Estava previamente combinado uma paragem num orfanato que acolhia crianças que tinham perdido os seus pais pelos mais diversos e infelizes motivos: abandonados, vendidos pelos pais, ou por os terem perdido para a SIDA, vítimas de violência tribal e étnica, guerras políticas e territoriais.
Levava comigo material escolar e roupa para doar à escola. A responsável estava avisada da nossa paragem e quando chegámos tínhamos as crianças à nossa espera.
Sentámo-nos nas suas secretárias, falámos uns com os outros, ouvimos canções.
Manoun, assim me soou o seu nome, estava sentado comigo no mesmo banco. Olhos grandes e profundos. Aparentavam estar ignorar a situação em que se encontrava. Olhava muito para mim, como se estivesse fascinado, e eu sorria-lhe de volta. Subitamente pega na minha mão, puxa por mim e levanta-se. Olho para a directora num olhar de quem não sabe o que fazer e a directora diz "Go, go". A permissão para ir com ele estava dada.

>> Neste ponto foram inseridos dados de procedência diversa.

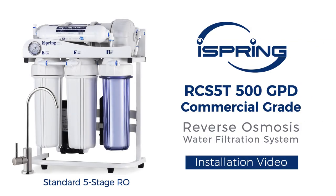Thank you for choosing the iSpring RCS5T reverse osmosis system. You have purchased one of iSpring's finest reverse osmosis water filtration systems. With proper installation and maintenance, this water filtration system will provide you with clean and refreshing drinking water for years to come. Please follow the instructions in the video for proper installation procedures.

Mantenho a minha mão na dele e sigo atrás. Mostra-me a cantina (oferece-me uma maçã), o pátio onde outros meninos e meninas brincavam, uma pequena horta, uma coelheira de onde tira um coelho e o coloca na minha mão. Mostra os dormitórios e o beliche onde dormia. Senta-se nele e eu no que estava mesmo em frente ao dele. Tiro-lhe esta fotografia, onde tudo parece bater certo. Os olhos sinceros, a sua simplicidade, a sua facilidade em comunicar com um estranho, a sua espontaneidade e personalidade amável. Continua sempre ao meu lado até eu entrar na carrinha e retomar o caminho para Nakuru.
Hoje, passados largos anos, pergunto-me frequentemente qual terá sido o seu futuro.
Se lhe terá sido tão amigável e doce como ele foi comigo naquele dia.